To feed these sources, a 30-minute walk outdoors a day is enough. However, to go beyond physical exercise and turn it into a creative impulse, two conditions must be met: we must disconnect the phone alerts, since the walk will not be rich in original ideas if we are attentive to emails, messages and notifications. . It is regarding creating a space of disconnection so that the new can emerge, and second, headphones must be given up. For the same reason. If we listen to a podcast or audiobook, the mind will basically receive that content and will not generate ideas on its own. Creativity experts even recommend doing without music. If we need it to relax, we should opt for instrumental pieces, since otherwise our attention will go to what the lyrics say.
In his essay In Praise of Walking, Shane O’Mara points out that people who walk are happier and less prone to depression than those who have more sedentary routines. In addition to these mood benefits, this professor of Experimental Brain Research at Trinity College Dublin argues: “If we want to encourage freer forms of creative cognition, we need to get people up from their desk, away from your screen and start moving.” In that sense, the writer Rebecca Solnit points out that the fact of not having forests nearby, like Thoreau, should not be an excuse for not walking, since an urban environment is also a stimulating landscape. As she states in her book Wanderlust: A History of Walking: “A city is a language, a repository of possibilities, and walking is the act of speaking that language, of selecting among those possibilities.”
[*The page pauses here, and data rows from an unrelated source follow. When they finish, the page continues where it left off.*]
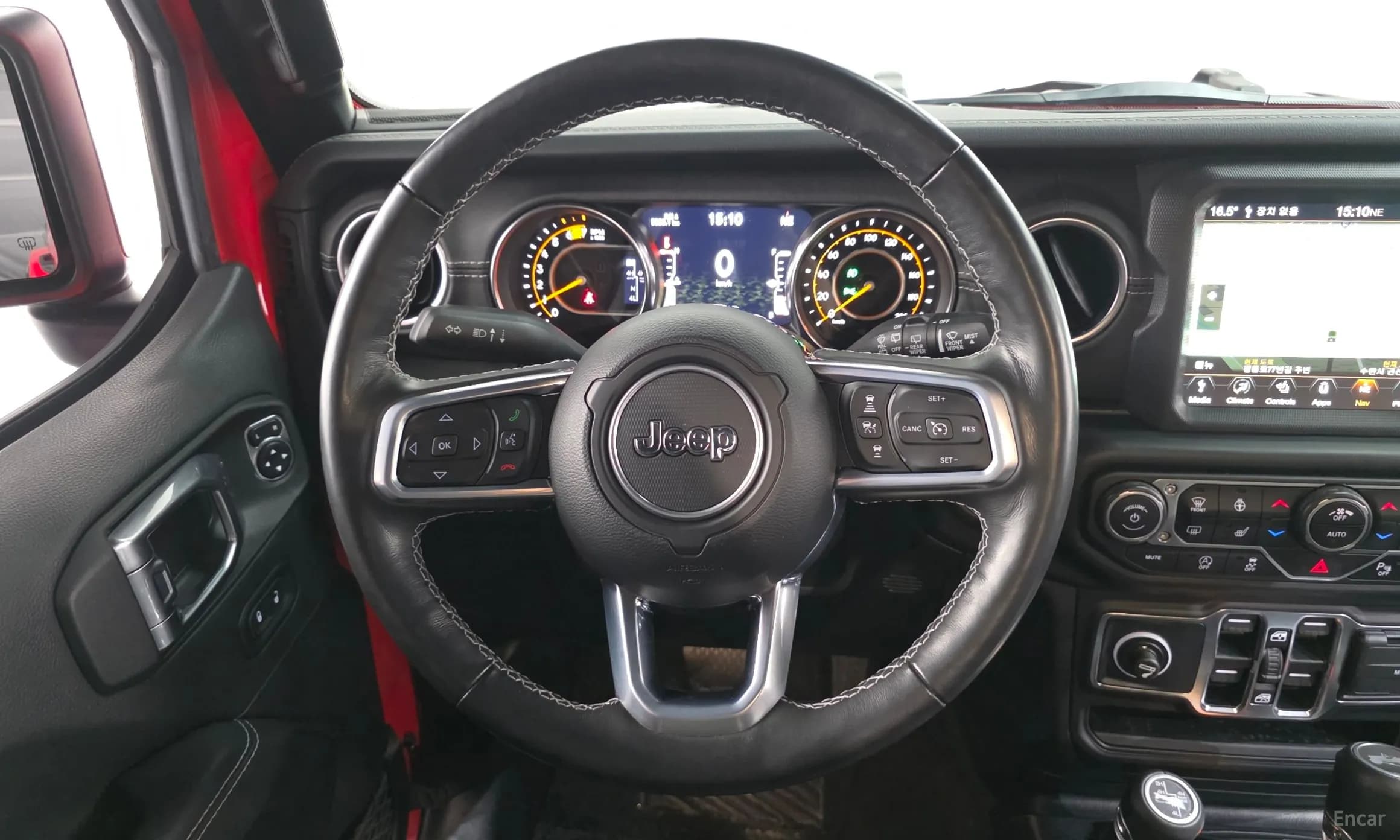 Wrangler (JL)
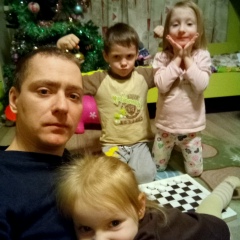 Дмитрий Аверьянов, 13.09.1991, Москва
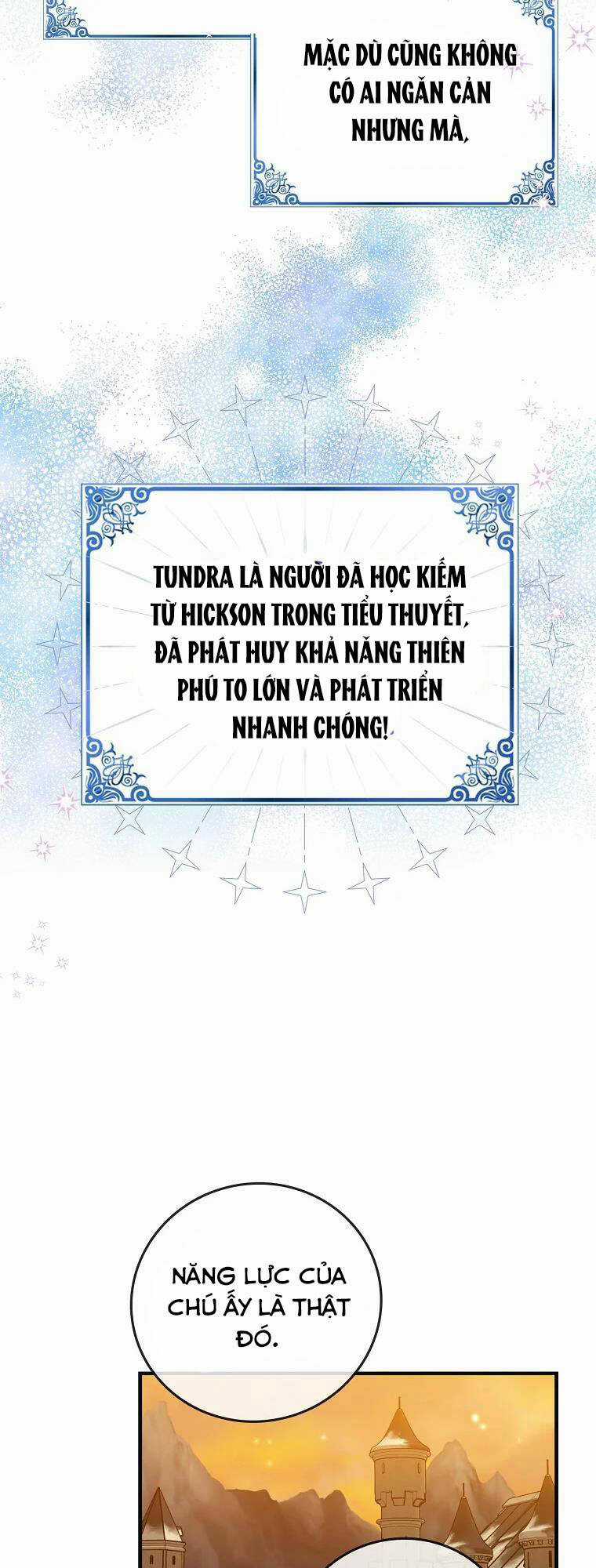 Tôi Đã Diễn Tròn Vai Một Đứa Con Gái Nuôi Chapter 17 trang 9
Many people use an application on their mobile phone to complete the 10,000 steps a day to keep their body and mind in shape. However, a study carried out with 226,000 people cited by the BBC shows that even 4,000 steps a day have important benefits for our cardiovascular health. Now we know that walking, in addition to perhaps saving our lives, is an excellent way to get out of mental lethargy and promote a new way of thinking.
The longest walk
— After reading the story of a couple who had crossed the United States on foot, the couple, Jenn Baljko and Lluís L. Bayona, decided to take a walk of more than 16,000 kilometers, from Bangkok to Barcelona. It was 955 days.
— The feat was not without difficulties: from dog attacks to countries where they had difficulties with visas, since they did not have enough days to cross it on foot. The relationship between the couple also suffered ups and downs, and they performed separate parts.
— Your experience, which will soon be told in a documentary, shows that one of the attractions of walking is interaction. That is also nourishing for creativity.
Francesc Miralles is a writer and journalist who is an expert in psychology.